EXERCISE INSTRUCTIONS — Copy out, exactly as given, every line from the line with "Shimmer Highlighter Powder" to the end of the listing, both of those lines included.

MATERIAL FOR THIS EXERCISE —
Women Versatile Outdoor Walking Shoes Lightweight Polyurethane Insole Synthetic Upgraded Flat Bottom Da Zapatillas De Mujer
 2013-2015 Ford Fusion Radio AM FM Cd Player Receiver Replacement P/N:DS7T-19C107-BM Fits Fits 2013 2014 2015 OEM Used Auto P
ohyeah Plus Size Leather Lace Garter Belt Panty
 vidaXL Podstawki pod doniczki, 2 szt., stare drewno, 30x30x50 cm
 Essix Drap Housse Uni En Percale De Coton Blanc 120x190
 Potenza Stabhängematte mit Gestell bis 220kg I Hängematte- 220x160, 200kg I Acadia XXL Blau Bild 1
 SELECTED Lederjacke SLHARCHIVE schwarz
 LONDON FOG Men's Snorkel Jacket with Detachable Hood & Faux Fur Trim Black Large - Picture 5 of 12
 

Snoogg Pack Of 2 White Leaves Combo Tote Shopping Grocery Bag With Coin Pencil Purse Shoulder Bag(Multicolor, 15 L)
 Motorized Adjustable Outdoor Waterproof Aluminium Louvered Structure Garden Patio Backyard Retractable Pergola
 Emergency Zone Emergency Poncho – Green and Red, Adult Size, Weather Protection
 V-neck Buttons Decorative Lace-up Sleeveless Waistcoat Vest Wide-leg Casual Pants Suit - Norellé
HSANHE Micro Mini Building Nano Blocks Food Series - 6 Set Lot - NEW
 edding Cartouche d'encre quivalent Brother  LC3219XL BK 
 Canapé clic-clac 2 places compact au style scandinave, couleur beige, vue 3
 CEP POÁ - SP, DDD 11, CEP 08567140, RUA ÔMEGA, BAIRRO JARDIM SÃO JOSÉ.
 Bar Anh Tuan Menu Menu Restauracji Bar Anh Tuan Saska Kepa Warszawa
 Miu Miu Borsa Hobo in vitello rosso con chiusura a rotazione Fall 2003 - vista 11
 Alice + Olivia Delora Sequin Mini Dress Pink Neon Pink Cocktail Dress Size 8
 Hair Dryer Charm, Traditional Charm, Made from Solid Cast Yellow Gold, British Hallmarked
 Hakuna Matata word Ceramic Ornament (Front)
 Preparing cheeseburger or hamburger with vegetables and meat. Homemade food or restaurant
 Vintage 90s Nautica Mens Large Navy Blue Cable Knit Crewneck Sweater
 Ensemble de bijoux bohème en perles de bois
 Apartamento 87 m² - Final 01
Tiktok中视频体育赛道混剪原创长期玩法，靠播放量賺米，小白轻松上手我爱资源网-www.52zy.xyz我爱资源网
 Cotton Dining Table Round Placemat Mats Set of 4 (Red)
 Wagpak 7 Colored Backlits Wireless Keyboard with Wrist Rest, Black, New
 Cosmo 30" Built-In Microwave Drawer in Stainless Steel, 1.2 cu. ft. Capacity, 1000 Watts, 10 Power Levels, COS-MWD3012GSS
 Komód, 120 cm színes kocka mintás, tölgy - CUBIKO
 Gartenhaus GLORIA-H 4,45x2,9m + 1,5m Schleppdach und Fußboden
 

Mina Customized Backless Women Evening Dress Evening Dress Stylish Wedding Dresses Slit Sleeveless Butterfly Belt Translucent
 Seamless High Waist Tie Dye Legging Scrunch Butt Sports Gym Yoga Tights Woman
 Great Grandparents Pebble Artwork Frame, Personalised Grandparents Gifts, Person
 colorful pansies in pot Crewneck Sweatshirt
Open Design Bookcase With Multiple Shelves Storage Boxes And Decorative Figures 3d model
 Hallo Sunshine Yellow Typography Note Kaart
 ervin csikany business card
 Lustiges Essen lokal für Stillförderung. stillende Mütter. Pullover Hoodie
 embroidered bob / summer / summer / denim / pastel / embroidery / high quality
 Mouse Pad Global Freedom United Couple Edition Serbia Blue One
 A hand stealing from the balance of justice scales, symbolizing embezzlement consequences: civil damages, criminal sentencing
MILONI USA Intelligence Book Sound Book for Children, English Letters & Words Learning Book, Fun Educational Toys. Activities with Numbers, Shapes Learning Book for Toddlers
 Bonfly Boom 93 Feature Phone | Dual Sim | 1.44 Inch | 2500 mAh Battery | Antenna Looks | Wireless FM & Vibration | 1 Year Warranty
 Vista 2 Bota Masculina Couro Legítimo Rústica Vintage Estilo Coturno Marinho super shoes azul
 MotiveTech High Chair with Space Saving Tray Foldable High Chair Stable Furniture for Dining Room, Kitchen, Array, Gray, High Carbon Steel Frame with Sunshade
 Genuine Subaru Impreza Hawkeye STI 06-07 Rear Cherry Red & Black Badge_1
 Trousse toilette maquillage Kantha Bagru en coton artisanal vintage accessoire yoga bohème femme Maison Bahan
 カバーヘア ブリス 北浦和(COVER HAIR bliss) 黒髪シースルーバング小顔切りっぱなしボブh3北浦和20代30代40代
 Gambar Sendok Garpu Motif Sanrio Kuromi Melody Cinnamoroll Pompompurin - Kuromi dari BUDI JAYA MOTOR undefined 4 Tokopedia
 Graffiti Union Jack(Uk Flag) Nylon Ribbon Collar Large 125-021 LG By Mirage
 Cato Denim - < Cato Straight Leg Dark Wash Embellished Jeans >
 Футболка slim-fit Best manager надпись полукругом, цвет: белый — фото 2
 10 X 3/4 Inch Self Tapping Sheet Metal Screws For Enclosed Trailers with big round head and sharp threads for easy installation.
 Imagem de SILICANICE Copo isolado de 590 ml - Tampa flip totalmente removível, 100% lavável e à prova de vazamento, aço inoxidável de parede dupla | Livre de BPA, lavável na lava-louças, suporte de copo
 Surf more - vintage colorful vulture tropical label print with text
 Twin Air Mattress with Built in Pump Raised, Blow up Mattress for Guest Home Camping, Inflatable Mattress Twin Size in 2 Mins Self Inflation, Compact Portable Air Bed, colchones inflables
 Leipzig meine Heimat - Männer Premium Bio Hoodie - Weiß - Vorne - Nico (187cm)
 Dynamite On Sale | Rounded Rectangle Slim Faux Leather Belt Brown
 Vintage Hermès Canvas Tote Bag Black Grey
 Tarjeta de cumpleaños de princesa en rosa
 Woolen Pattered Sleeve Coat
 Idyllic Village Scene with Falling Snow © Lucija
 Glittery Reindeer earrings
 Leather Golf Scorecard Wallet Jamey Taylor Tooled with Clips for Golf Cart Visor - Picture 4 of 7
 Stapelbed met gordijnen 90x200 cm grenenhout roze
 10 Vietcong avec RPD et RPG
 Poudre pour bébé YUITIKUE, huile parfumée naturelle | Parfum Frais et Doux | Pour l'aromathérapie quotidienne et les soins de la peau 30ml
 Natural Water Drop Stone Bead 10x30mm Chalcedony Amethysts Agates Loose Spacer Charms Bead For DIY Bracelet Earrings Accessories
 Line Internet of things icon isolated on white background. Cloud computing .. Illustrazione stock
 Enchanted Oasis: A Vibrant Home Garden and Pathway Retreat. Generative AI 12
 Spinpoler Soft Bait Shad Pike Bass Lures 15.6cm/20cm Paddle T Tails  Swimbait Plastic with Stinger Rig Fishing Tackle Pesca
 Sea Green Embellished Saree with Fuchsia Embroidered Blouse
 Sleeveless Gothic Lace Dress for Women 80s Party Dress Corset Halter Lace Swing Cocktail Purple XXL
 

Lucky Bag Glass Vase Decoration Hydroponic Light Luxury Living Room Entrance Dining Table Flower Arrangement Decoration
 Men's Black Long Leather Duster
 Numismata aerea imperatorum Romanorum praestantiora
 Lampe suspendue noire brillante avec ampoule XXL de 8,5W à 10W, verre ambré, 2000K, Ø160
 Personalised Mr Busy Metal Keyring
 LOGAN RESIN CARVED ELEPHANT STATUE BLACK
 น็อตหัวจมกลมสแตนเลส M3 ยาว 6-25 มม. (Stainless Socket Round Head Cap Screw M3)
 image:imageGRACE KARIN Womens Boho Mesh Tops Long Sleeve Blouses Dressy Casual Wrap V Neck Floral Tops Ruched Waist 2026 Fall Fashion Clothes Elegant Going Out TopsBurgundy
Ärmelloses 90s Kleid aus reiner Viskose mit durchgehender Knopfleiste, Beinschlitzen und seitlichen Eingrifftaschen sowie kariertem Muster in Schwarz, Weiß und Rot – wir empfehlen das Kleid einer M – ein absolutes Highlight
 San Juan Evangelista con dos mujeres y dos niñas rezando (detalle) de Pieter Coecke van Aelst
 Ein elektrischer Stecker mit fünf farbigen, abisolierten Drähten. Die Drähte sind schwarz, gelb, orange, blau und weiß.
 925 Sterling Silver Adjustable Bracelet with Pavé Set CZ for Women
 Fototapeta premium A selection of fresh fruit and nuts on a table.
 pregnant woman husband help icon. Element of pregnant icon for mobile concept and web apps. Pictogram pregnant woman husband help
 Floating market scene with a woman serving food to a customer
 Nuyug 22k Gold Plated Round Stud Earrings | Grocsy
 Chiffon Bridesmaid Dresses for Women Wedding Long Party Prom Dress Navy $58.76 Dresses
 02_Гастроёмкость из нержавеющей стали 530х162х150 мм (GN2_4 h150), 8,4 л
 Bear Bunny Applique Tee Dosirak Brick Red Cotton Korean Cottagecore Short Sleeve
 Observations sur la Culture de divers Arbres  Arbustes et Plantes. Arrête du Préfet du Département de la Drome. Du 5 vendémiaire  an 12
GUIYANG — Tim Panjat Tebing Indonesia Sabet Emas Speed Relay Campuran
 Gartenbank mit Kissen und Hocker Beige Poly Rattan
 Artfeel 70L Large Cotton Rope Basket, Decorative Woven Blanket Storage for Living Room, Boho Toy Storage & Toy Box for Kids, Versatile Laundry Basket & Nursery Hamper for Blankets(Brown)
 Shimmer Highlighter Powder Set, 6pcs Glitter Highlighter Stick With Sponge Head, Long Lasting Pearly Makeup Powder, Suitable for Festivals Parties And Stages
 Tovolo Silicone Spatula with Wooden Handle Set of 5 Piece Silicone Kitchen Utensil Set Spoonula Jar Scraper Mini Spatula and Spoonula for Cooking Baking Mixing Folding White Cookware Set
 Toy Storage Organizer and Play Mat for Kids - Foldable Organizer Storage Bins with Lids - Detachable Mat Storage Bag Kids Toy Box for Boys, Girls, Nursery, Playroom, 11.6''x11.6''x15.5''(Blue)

RESULT —
 Shimmer Highlighter Powder Set, 6pcs Glitter Highlighter Stick With Sponge Head, Long Lasting Pearly Makeup Powder, Suitable for Festivals Parties And Stages
 Tovolo Silicone Spatula with Wooden Handle Set of 5 Piece Silicone Kitchen Utensil Set Spoonula Jar Scraper Mini Spatula and Spoonula for Cooking Baking Mixing Folding White Cookware Set
 Toy Storage Organizer and Play Mat for Kids - Foldable Organizer Storage Bins with Lids - Detachable Mat Storage Bag Kids Toy Box for Boys, Girls, Nursery, Playroom, 11.6''x11.6''x15.5''(Blue)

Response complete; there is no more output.